**What is needed**
With pictures left out, output word for word the lines from the one containing "Digitalni marketing: PET" through the end of the material below.

**Data extract**
+ + + +

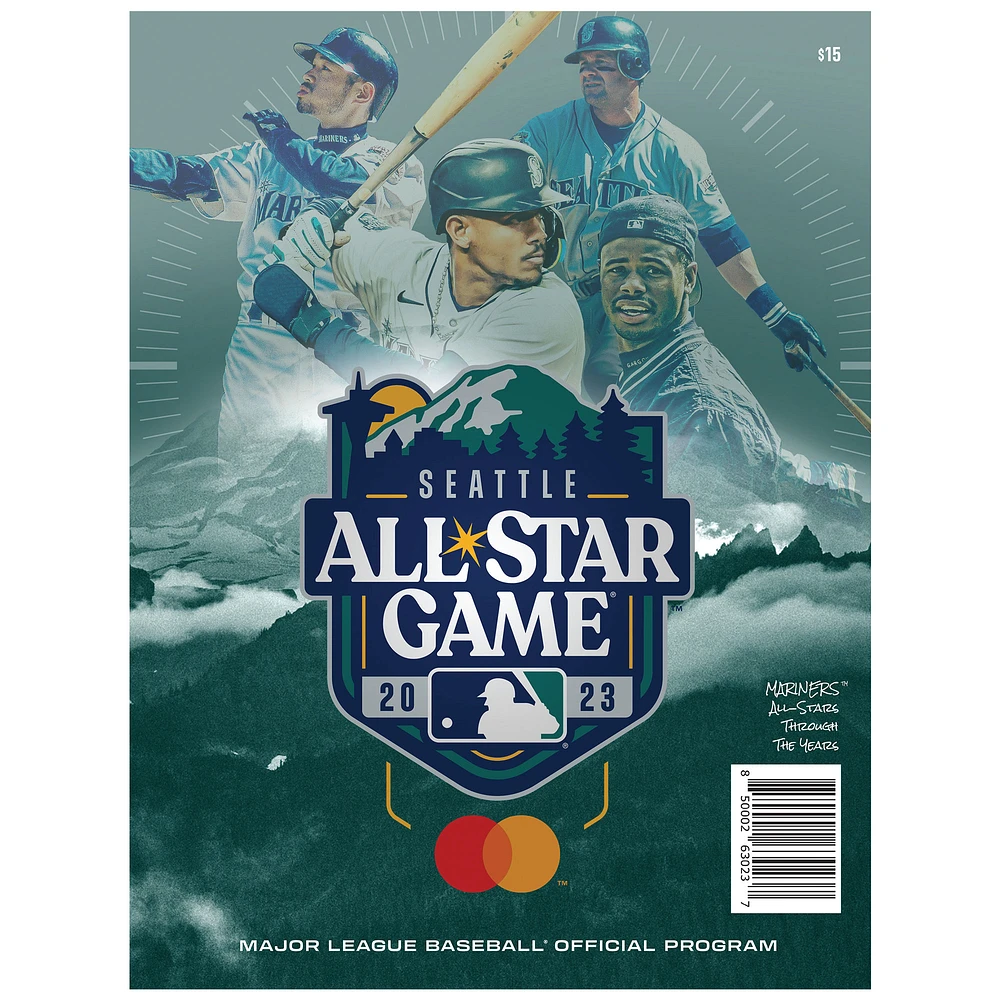 2023 MLB All-Star Game Day Program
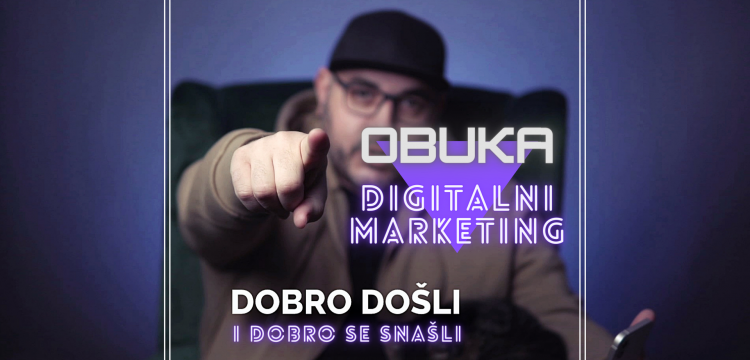 Digitalni marketing: PET kurseva, JEDNA obuka - i to kakva!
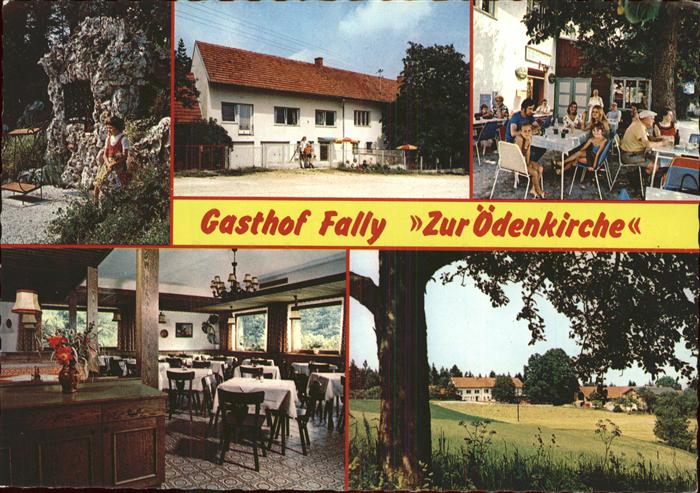 Kirchberg Wechsel Gasthof Fally Zur oedenkiche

+ + + +

**Exercise answer**
 Digitalni marketing: PET kurseva, JEDNA obuka - i to kakva!
 Kirchberg Wechsel Gasthof Fally Zur oedenkiche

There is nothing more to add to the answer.